**WHAT THE EXERCISE ASKS:** Lines below that include the word "large" should each be copied.

**EXTRACTED DATA:**
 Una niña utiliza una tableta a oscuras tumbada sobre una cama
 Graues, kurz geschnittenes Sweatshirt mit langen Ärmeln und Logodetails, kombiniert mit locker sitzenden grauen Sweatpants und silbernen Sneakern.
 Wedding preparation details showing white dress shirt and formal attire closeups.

--

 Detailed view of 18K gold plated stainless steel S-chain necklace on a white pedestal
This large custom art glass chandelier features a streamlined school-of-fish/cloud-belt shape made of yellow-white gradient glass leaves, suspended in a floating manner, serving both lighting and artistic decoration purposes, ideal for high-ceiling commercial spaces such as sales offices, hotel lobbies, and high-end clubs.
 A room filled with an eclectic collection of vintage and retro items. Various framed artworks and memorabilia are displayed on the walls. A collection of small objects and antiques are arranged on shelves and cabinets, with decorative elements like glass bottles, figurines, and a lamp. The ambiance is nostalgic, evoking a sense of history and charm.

==

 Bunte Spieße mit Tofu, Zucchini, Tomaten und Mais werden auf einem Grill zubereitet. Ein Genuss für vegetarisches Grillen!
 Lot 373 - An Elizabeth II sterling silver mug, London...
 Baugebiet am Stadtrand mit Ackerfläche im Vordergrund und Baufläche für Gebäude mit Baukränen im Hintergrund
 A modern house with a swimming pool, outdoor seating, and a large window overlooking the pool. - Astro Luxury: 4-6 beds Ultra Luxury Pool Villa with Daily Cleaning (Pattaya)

**SOLVED EXERCISE:**
This large custom art glass chandelier features a streamlined school-of-fish/cloud-belt shape made of yellow-white gradient glass leaves, suspended in a floating manner, serving both lighting and artistic decoration purposes, ideal for high-ceiling commercial spaces such as sales offices, hotel lobbies, and high-end clubs.
 A modern house with a swimming pool, outdoor seating, and a large window overlooking the pool. - Astro Luxury: 4-6 beds Ultra Luxury Pool Villa with Daily Cleaning (Pattaya)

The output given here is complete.